Weszłam do lokalu. Od razu zauważyłam, że przyda się sprzątanie jak i przemalowanie ścian. Wyjęłam notes i wszystko zaczęłam zapisywać. Po zapisaniu wszystkiego wysłałam zdjęcie listy wujowi. Dodałam też, że wole najpierw przemalować budynek. Zrozumiał mnie. Kiedy szczęśliwa wyszłam z budynku i zamknęłam go to fart chciał, że gdy miałam już iść to wpadłam na kogoś przez co przewróciłam się.

-Aua. Wszystko w porządku?- Usłyszałam męski głos. Spojrzałam w stronę głosu. Na przeciwko mnie siedział mężczyzna. Na głowie miał niebieską czapkę na której miał też gogle. Ubrany był w błękitno-białą koszulkę oraz długie sportowe spodnie. Na koszulce miał kamizelkę w ciemniejszym kolorze niebieskiego, a na niej miał coś w rodzaju klamry z liczbą 10. Miał na sobie również granatowe buty z białymi i czerwonymi paskami. Przez rękawy koszulki i kamizelki oraz boki nogawek spodni przechodziły po obu stronach biało-czarno-białe pasy. Na przedramionach miał także ochraniacze w takich samych kolorach jak pozostałe części stroju. Miał szpiczaste wąsy. Mogłabym powiedzieć, że miał wąsy jak Zorro.

-Tak, tak wszystko w porządku.- Powiedziałam pośpiesznie wstając ale zachwiałam się i wpadłam na niego. Spojrzałam na niego. Nasze spojrzenia się spotkały. On... Miał tak błękitne oczy, że z jednej strony mogły by się stać mieszanką z fioletem ale... Z drugiej strony. Miał oczy jak by miał w nich niebo. W dodatku był wyższy ode mnie bo sięgałam mu prawie do ramion.- Emm... To ja już pójdę.- Powiedziałam pośpiesznie i poszłam.  W głowie miałam nadal widok jego oczu. Po wejściu do domu usiadłam na kanapie. Mój psiak od razu położył się obok kładąc pysk na moje kolana. Pogładziłam go po głowie.

(Perspektywa Sportacusa)

Stałem w miejscu. Dopiero po chwili zorientowałem się, że tej dziewczyny już nie ma. Rozejrzałem się. Nigdzie jej nie widziałem. Zacząłem iść na boisko myśląc o tej dziewczynie. Miała włosy tak jasne jakby miała je ze słońca, a jej oczy były miodowe. Byłem tak pogrążony w myślach o nieznajomej dziewczynie, że aż uderzyłem o coś upadając przy tym.

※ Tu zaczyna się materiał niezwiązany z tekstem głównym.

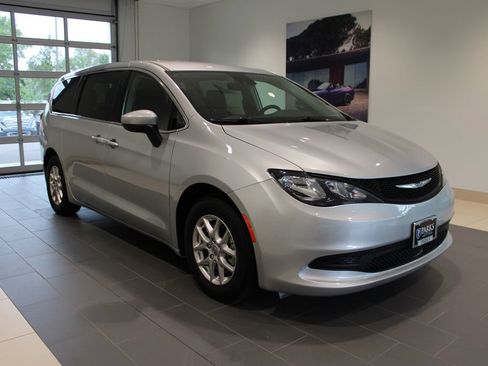 Used 2023 Chrysler Voyager LX FWD image 2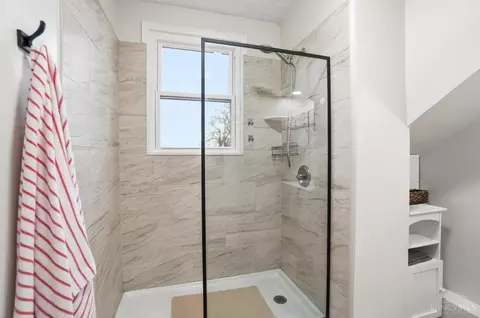 Bath - 1127 Rulison Ave, Cincinnati, OH 45238 photo 5 of 9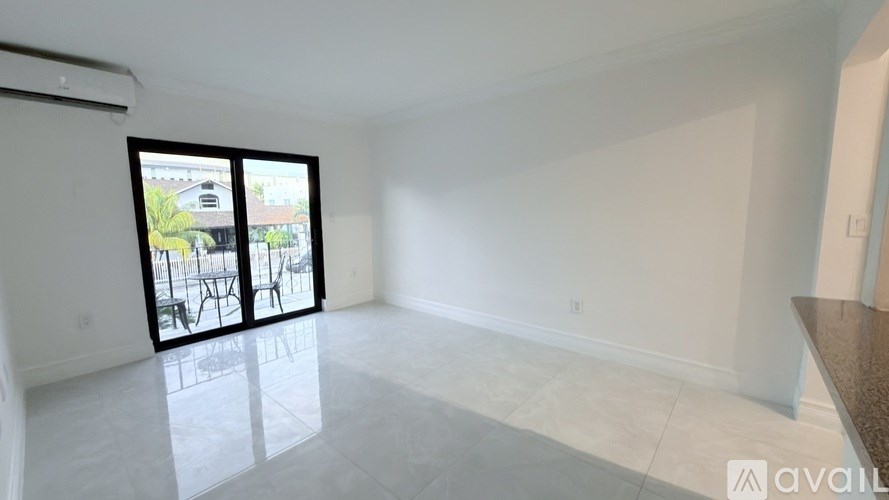 Source URL: https://prod-avail.s3.amazonaws.com/public_images/41499501/listing/IMG_2918.jpeg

-Sportacusie!- Od razu usłyszałem głos dzieci. Podniosłem się przecierając miejsce w które uderzyłem. Spojrzałem w rzecz na którą wpadłem. Okazała się nią latarnia. Spojrzałem na dzieci.

-Wszystko w porządku Sportacusie?- Spytał się Pixel.

-Tak wszystko w porządku dzieci.- Powiedziałem uśmiechając się. Jednak częściowo myślami byłem przy tajemniczej blondwłosej o miodowych oczach. Ciekawe kim ona jest i dlaczego tu przyjechała?